__What you need to do__.
Without including any pictures, write out all the records word for word.

__Information given__.
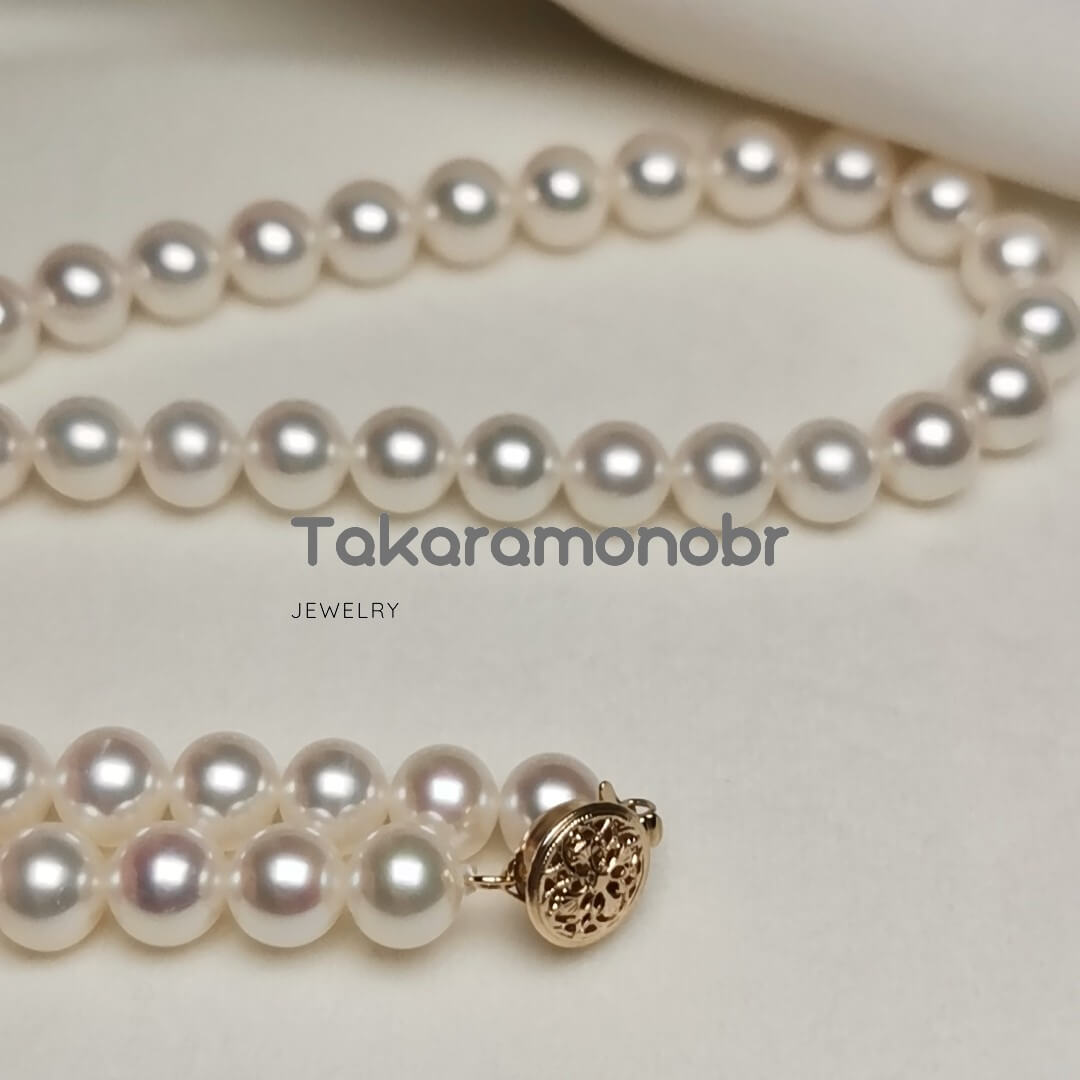 7.0-8.0 mm 16" White Freshadama Freshwater Pearl Necklace - takaramonobr
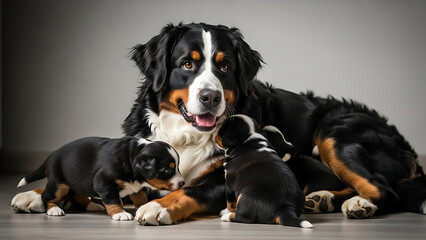 Different Dog breeds with puppies Bernese Mountain Dog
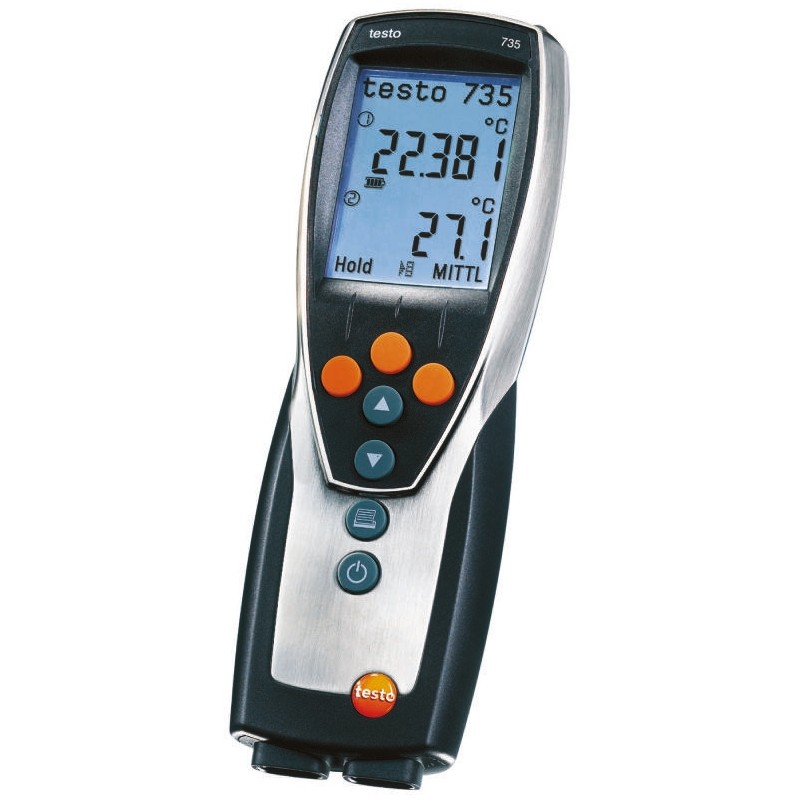 1 pcs - Testo 735-1 Wired Digital Thermometer for Commercial, Industrial Use, PT100 Probe, 3 Input(s), +1760°C Max, ±0.2 °C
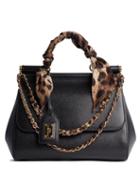 Dolce & Gabbana - Sicily Scarf-handle Leather Bag - Womens - Black Multi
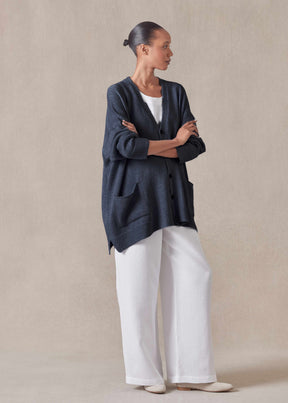 linen cotton mix V neck cardigan - long (navydark)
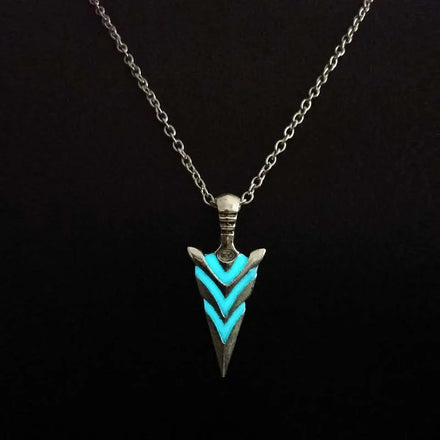Vintage Luminous Gold Plated Zinc Alloy Link Chain Arrow Pendant Necklace Classic Glow in Dark Jewelry Men Party Gift Wholesale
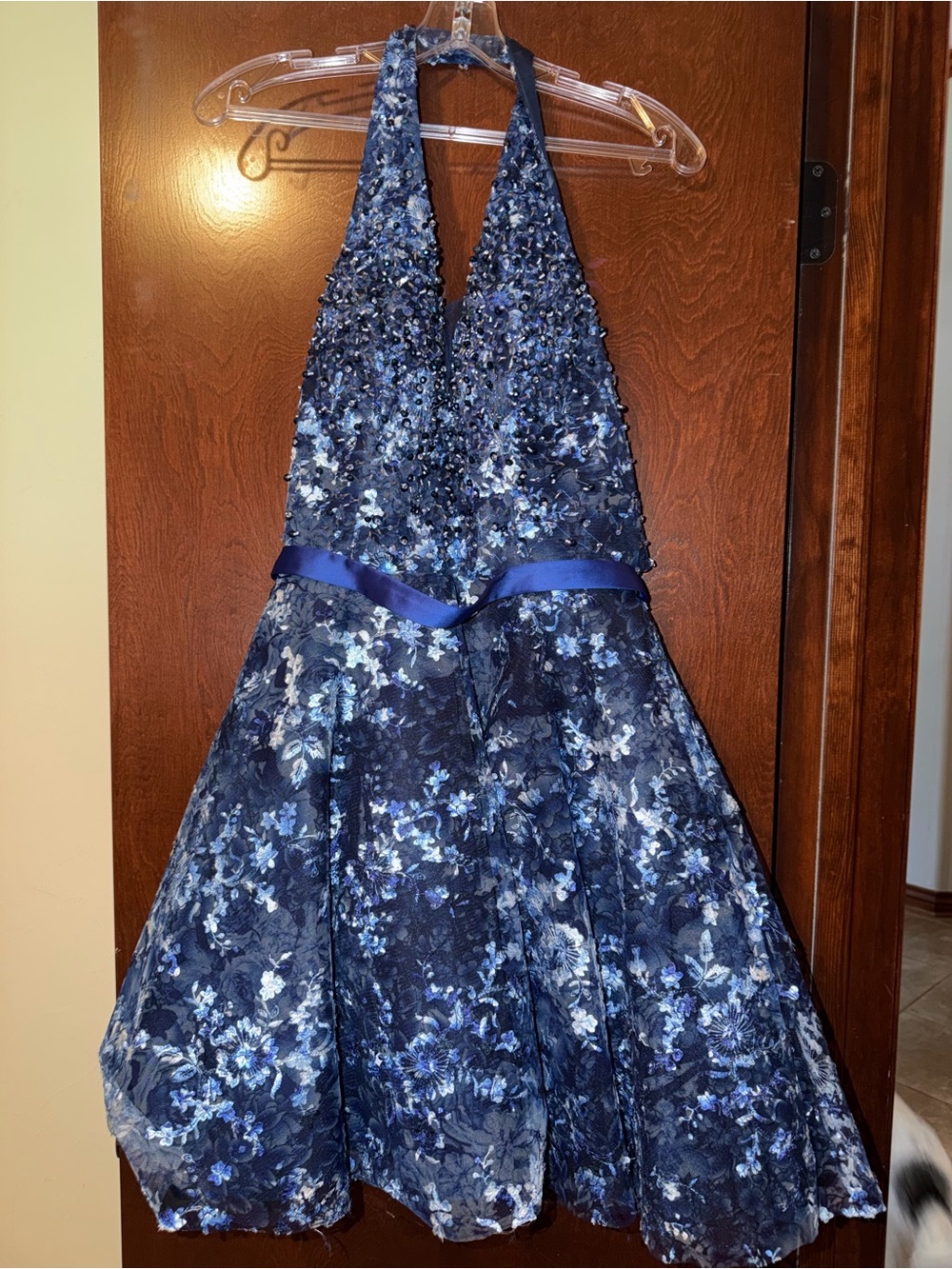 Navy Blue Halter Floral Embroidered Dress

__Task response__.
 7.0-8.0 mm 16" White Freshadama Freshwater Pearl Necklace - takaramonobr
 Different Dog breeds with puppies Bernese Mountain Dog
 1 pcs - Testo 735-1 Wired Digital Thermometer for Commercial, Industrial Use, PT100 Probe, 3 Input(s), +1760°C Max, ±0.2 °C
 Dolce & Gabbana - Sicily Scarf-handle Leather Bag - Womens - Black Multi
 linen cotton mix V neck cardigan - long (navydark)
Vintage Luminous Gold Plated Zinc Alloy Link Chain Arrow Pendant Necklace Classic Glow in Dark Jewelry Men Party Gift Wholesale
 Navy Blue Halter Floral Embroidered Dress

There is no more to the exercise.